EDITOR'S NOTE
Difficult though it may be to imagine today, many leading intellectuals of the waning Nineteenth Century believed that the Age of Science had already reached its end. By this they meant not (as a few classical physicists claimed) that all the important discoveries had already been made; rather, they viewed science itself as a discredited Nineteenth Century creed, due to be replaced.
Such was the view of the philosopher and anarchist Edward Carpenter, one of the Twentieth Century's forgotten founders. Carpenter, a renegade Anglican priest who ostensibly dropped out of polite society to live as a peasant, was a friend or correspondent of nearly all the demigods of modernism, from Isidora Duncan to D. H. Lawrence, but he was chronologically of an older generation; in his person, he showed the continuity between the Victorian avant garde and the Jazz Age. As the photograph above perhaps suggests, he consciously strove to be England's Walt Whitman, and is remembered today largely as the original of the gay protagonist of E. M. Forster's novel Maurice.
Despite his relative obscurity now, Carpenter was in his day an immensely influential anti-establishment thinker, eager to tackle all the conventions of the age with astonishing fearlessness. Science was only one of his many targets, but his attack on it (parts one and two of this series) had considerable impact. Leo Tolstoy, in his 1890s cult-leader mode, rejoiced to hear that contemporary Britain had produced a sandal-wearing utopian of its own, "a worthy successor to Carlyle and Ruskin". Tolstoy's imprimatur helped to spread "Modern Science: A Criticism" beyond the English-speaking world, but his essay promoting it (part three of this series) suggests that "the Sage of Yasnaya Polya" missed Carpenter's subtler points -- or perhaps just ignored them as different from his own, and therefore beneath notice. This is, after all, the Tolstoy who considered himself so much the paragon of True Revolution that (as we will read) he brushed off Karl Marx as a representative of the status quo!
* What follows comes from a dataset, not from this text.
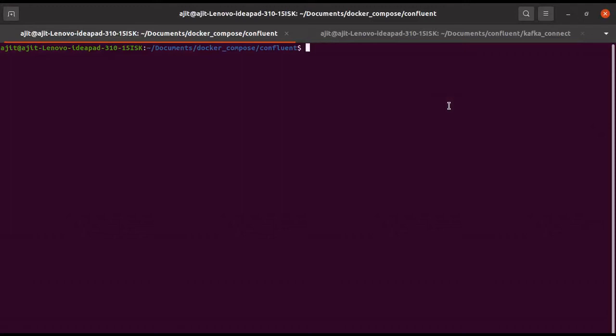We will learn about how to run Confluent Kafka on Ubuntu using Docker. In our previous tutorial, we learned how to run Confluent by downloading the fat JAR file, extracting it, and running it in the normal way.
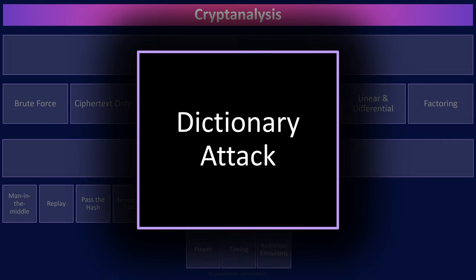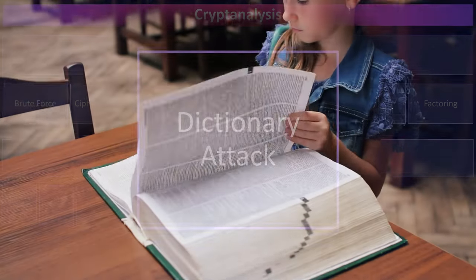Dictionary attacks are a form of brute force attack used to find encryption keys or a user's password. Rather than trying every possible combination in sequential order, dictionary attacks try the most likely combinations first. Thus, dictionary attacks can be a much more efficient and faster method than simple brute force. For example, the best password to try first is the most common password in the world — 'password' or '123456'.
Scientists themselves were uneasy about the future of their discipline in the fin de siècle. Besides the impending storms of radioactivity, relativity, and quantum mechanics there were other equally ominous-looking clouds that never broke: geophysicists insisted that the earth was too young to accomodate the geological time-scale; biologists, with no understanding of heredity, were increasingly doubtful of natural selection but afraid to say so publicly. Carpenter's challenge, therefore, could not go unanswered, and the one champion equally respected in scientific, philosophical, and literary circles took up the challenge: Henri Poincaré. His essay on "The Choice of Facts" (fourth in this series) does not quite answer all of Carpenter's points (and in some ways shows less awareness of the changes taking place in physics than Carpenter does), but on the whole makes a quite solid and thought-provoking defense -- at least until the conclusion. Just when one thinks that he is going to rest his case, if not on religion then on its turn-of-the-century secular replacement, Art For Art's Sake, he instead abruptly veers into the doubtful waters of sociobiology and gives us a Darwinian argument that the scientific mentality is justified in its results: Europeans dominate the world. Carpenter, the anarcho-socialist friend of Tagore and Gandhi, if he read this, must have rolled his eyes; Tolstoy would have taken it as conclusive proof, were any more needed, that science is a lackey of the capitalist antichrist.
Despite this flaw at the close, Poincaré's piece mostly retains its value; it articulates a philosophy of science still vital and appealing after a hundred years. But what about the critique that provoked it?
A Twenty-First Century scientist (this one, at least) cannot help but find both Carpenter's and Tolstoy's essays irritating, but for different reasons. Tolstoy is irritating because he pontificates freely but evinces little understanding of what science is actually about. Carpenter -- a Fellow of Trinity who passed the Mathematical Tripos -- is irritating because he understands science perfectly and remains unimpressed! If some of his criticisms, echoed a century later by postmodernism, seem unreasonable, all too many others are (even now) exactly on target. To make his critique entirely up to date, one need merely replace "ether" and "atoms" with "dark matter" and "superstrings".